Terdengar suara gemuruh langkah kaki orang banyak yang datang menghampiri. Terasa jika Cayapata beserta pasukan kerajaannya telah tiba.
Berhenti tepat beberapa meter didepan Pak Johan.
"Hai manusia! Ada perlu apa kau kemari dan menyebut namaku!"
Tanya seorang raja yang bernama "Cayapata" itu.
"Aku datang kemari untuk mengabdi pada Cayapata. Aku ingin meminta harta kekayaan yang berlimpah. Serta aku ingin mengetahui apa penyebab hasil panenku merosot dan gagal." Jawab Pak Johan.
"hahaha... " Suara tawa Cayapata menggema dihutan. Diikuti semua pasukannya juga tertawa.
"Baiklah, akan aku kabulkan.
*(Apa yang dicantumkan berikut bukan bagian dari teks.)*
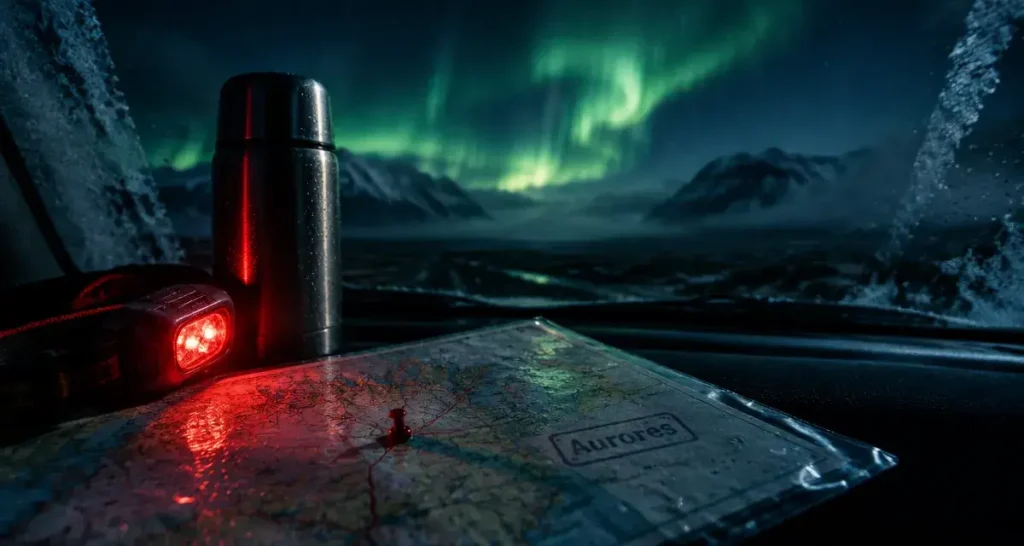 Voyage islande aurore boreales : pare-brise embué, lampe frontale et carte, ciel vert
Tapi dengan syarat, berikan aku tumbal sebagian darah dari keluargamu sendiri!" Ucap Cayapata.
"Aku siap, akan aku berikan." Kata pak Johan tegas.
Pak Johan menyanggupinya. Tanda sumpah janji setia ia tunjukkan.
Pak Johan melukai jari manis tangan kanannya hingga berdarah.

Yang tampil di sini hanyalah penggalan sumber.